___ EXERCISE DATA ___

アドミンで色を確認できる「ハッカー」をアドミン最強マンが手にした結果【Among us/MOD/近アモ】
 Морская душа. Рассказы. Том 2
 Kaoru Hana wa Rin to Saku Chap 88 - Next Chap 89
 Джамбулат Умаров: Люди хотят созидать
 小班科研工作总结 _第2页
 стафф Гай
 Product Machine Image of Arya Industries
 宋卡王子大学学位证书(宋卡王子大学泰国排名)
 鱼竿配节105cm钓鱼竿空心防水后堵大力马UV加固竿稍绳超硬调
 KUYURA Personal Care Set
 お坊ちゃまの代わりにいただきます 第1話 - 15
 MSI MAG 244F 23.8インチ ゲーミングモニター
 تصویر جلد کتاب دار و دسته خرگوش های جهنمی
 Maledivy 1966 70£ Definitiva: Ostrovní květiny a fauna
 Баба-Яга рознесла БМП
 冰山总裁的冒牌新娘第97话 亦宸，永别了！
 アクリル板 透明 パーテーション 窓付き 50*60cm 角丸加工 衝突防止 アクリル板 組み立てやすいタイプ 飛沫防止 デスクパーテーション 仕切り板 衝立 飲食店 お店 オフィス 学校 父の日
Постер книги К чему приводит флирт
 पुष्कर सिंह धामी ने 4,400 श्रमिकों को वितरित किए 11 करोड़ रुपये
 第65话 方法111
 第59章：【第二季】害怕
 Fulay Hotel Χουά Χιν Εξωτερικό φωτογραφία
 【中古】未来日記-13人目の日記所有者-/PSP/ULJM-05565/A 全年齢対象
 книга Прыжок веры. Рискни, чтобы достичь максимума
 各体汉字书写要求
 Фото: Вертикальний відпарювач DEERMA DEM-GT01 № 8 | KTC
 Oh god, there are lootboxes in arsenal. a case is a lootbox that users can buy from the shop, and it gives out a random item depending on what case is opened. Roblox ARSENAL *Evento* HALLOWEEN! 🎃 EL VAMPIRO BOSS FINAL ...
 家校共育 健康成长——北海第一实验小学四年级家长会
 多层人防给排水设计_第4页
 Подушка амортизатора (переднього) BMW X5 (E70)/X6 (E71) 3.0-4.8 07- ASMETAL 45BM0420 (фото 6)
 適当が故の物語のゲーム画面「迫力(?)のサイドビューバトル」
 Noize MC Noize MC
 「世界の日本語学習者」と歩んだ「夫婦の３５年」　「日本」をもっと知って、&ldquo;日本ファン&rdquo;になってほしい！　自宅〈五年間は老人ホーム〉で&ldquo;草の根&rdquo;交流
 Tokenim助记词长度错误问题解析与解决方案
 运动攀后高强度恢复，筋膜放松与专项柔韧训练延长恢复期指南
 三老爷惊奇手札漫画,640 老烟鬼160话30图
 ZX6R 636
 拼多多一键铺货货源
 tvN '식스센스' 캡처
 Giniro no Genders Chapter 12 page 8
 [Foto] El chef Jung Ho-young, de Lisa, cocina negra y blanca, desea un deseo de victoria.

___

**ACTION ITEM:**
Only one stretch is wanted, so please give again exactly the lines from the start of the data through the line containing "Фото: Вертикальний відпарювач", both ends included.

**SOLUTION:**
アドミンで色を確認できる「ハッカー」をアドミン最強マンが手にした結果【Among us/MOD/近アモ】
 Морская душа. Рассказы. Том 2
 Kaoru Hana wa Rin to Saku Chap 88 - Next Chap 89
 Джамбулат Умаров: Люди хотят созидать
 小班科研工作总结 _第2页
 стафф Гай
 Product Machine Image of Arya Industries
 宋卡王子大学学位证书(宋卡王子大学泰国排名)
 鱼竿配节105cm钓鱼竿空心防水后堵大力马UV加固竿稍绳超硬调
 KUYURA Personal Care Set
 お坊ちゃまの代わりにいただきます 第1話 - 15
 MSI MAG 244F 23.8インチ ゲーミングモニター
 تصویر جلد کتاب دار و دسته خرگوش های جهنمی
 Maledivy 1966 70£ Definitiva: Ostrovní květiny a fauna
 Баба-Яга рознесла БМП
 冰山总裁的冒牌新娘第97话 亦宸，永别了！
 アクリル板 透明 パーテーション 窓付き 50*60cm 角丸加工 衝突防止 アクリル板 組み立てやすいタイプ 飛沫防止 デスクパーテーション 仕切り板 衝立 飲食店 お店 オフィス 学校 父の日
Постер книги К чему приводит флирт
 पुष्कर सिंह धामी ने 4,400 श्रमिकों को वितरित किए 11 करोड़ रुपये
 第65话 方法111
 第59章：【第二季】害怕
 Fulay Hotel Χουά Χιν Εξωτερικό φωτογραφία
 【中古】未来日記-13人目の日記所有者-/PSP/ULJM-05565/A 全年齢対象
 книга Прыжок веры. Рискни, чтобы достичь максимума
 各体汉字书写要求
 Фото: Вертикальний відпарювач DEERMA DEM-GT01 № 8 | KTC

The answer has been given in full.